吉田は多くの家屋が海から離れているが、それが干拓によるものであることを、この地区だけの歴史をまとめた『吉田村落史』(龍造寺辰馬氏編著)が教えてくれる。そこには対馬の一集落の開発の歴史が具体的に記されている。
開発には2種類あり、海や川などを埋め立てで干拓することを「開き(ひらき)」、荒地を開墾することを「発し(おこし)」 といった。勝手に開発することはできず、いずれも藩に出願し、藩は出願者の工事能力等を検討して完遂可能と判断できれば許可を出した。
原則として開きは10年、発しは5年で、それぞれ事情等に応じて5年の延長は認められた。そして開発が成就した場合は、開発者が耕作の権利を得る。もし期限内に完成すれば期限までの収穫はすべて開発者のものとなった。

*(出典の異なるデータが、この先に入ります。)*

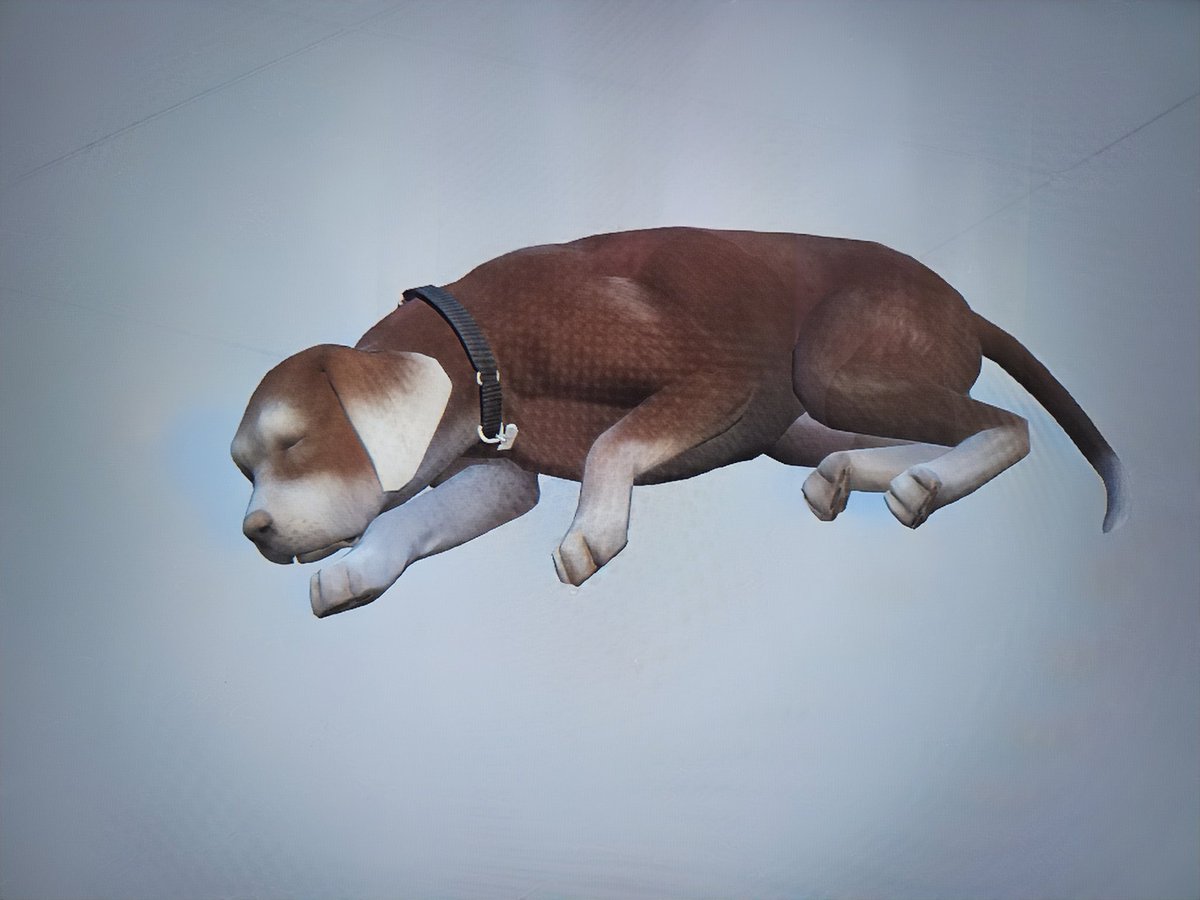 Benquisha20's tweet photo. It was a sad day today. Our pup, Bear crossed the rainbow ๐
๐พ RIP Bear Sigworth
@TheSims
#thesims #simstories #thesims4 #sims4legacy #sims4stories #sims4growingtogether #FamilyLegacy https://t.co/UTueT6M9s6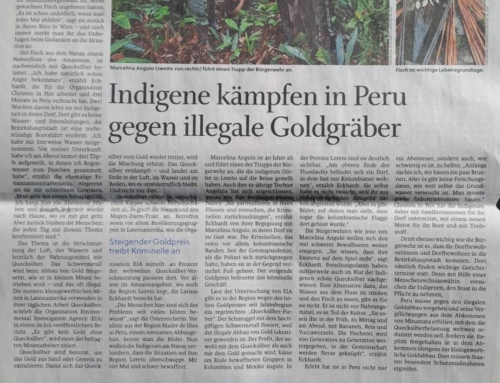 Salzburger Nachrichten – Steigender Goldpreis: Indigene in Peru kämpfen gegen die illegalen Schürfer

『吉田村落史』には主な開発として、「開き」20例、「発し」2例が載っている。中には期限内に成就できず(ずるずる延長したのか、半世紀後に)取り上げられたもの。出願者が継続できなくなり、他人に譲った事案。親子2代で取り組み目標面積にとどかなかったが、藩は無償で息子に払い下げた事案など、いろいろあり、当時の農民の暮らしが垣間見えてくる。